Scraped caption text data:
★ ★ ★
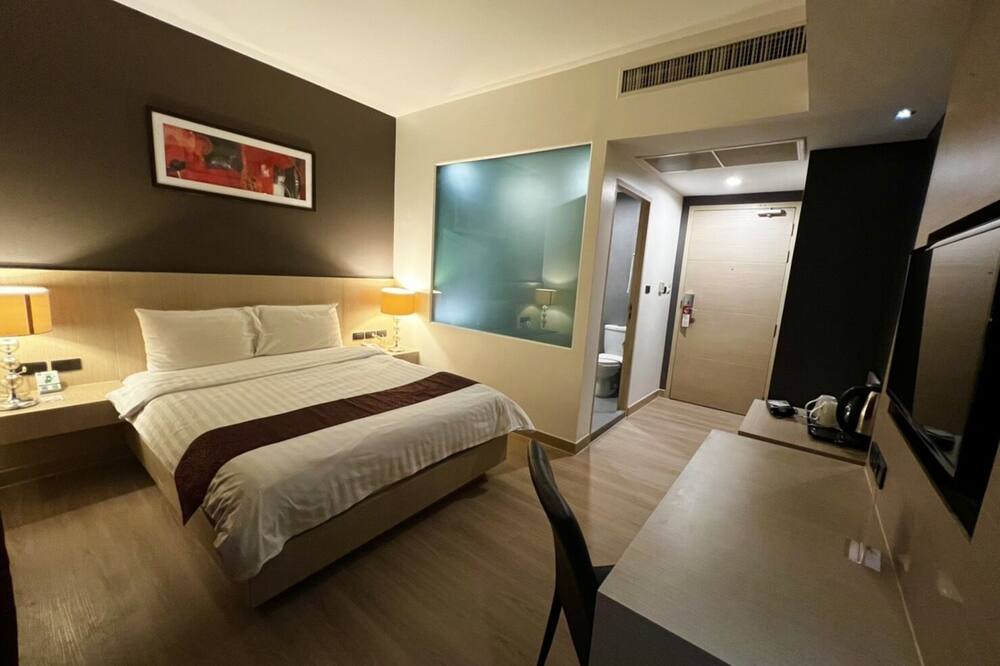 アイチェック イン ナナ バイ アスピラ 写真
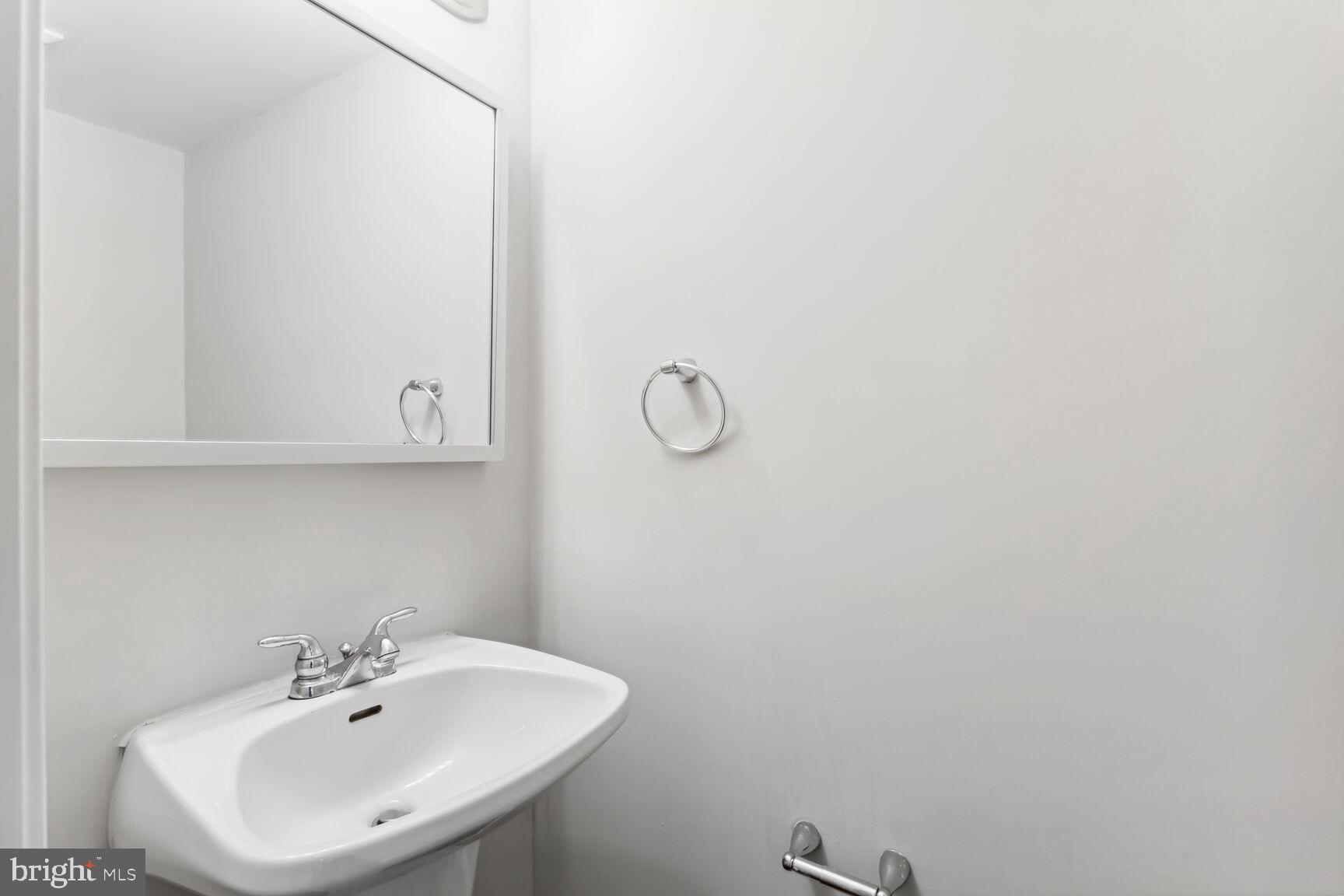 WOODLAND VILLAGE - Residential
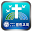 대전열린교회 Download on Windows
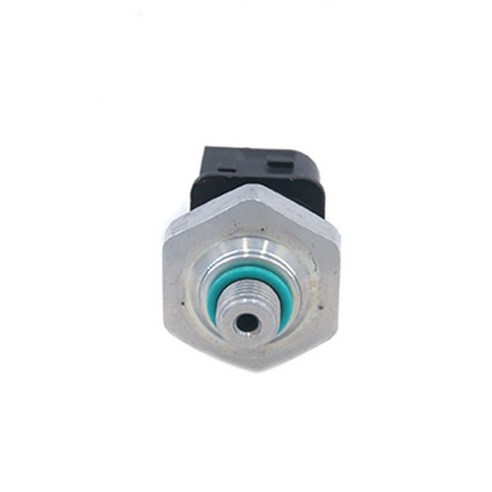 연료 레일 연료 압력 센서 OEM 52CP57-01 10R-032268 21636166 52CP5701 10R032268 ...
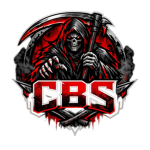 Crimson Blood Syndicate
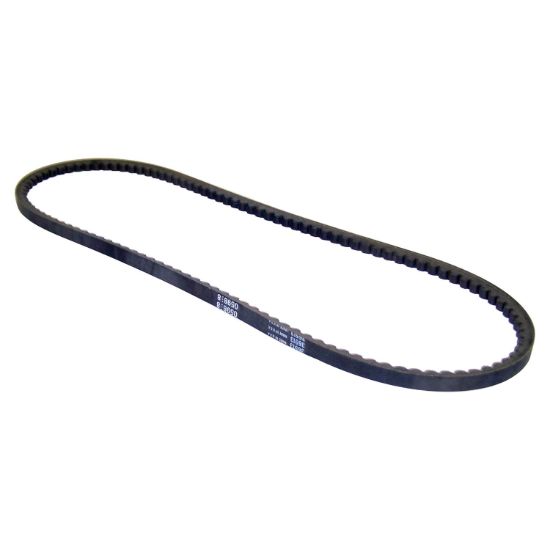 Picture of Crown Automotive Jeep Replacement Accessory Drive Belt - J3229607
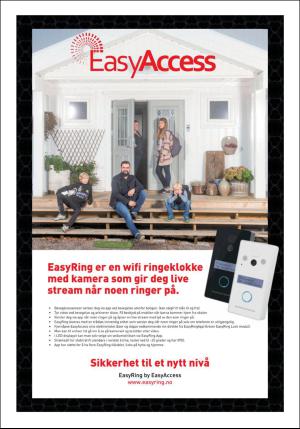 dagbladet_bilag-20170606_000_00_00_021.pdf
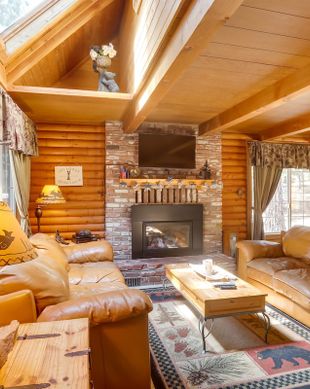 United States California South Lake Tahoe vacation rental compare prices direct by owner 11383753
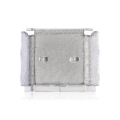 Charging port soldering required - 05 Pin - Micro B - 4 Anchor Points (C133)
★ ★ ★
Give again, exactly, the lines from the start of the data through the one holding "Picture of Crown"; omit the pictures.

 アイチェック イン ナナ バイ アスピラ 写真
 WOODLAND VILLAGE - Residential
 대전열린교회 Download on Windows
 연료 레일 연료 압력 센서 OEM 52CP57-01 10R-032268 21636166 52CP5701 10R032268 ...
 Crimson Blood Syndicate
 Picture of Crown Automotive Jeep Replacement Accessory Drive Belt - J3229607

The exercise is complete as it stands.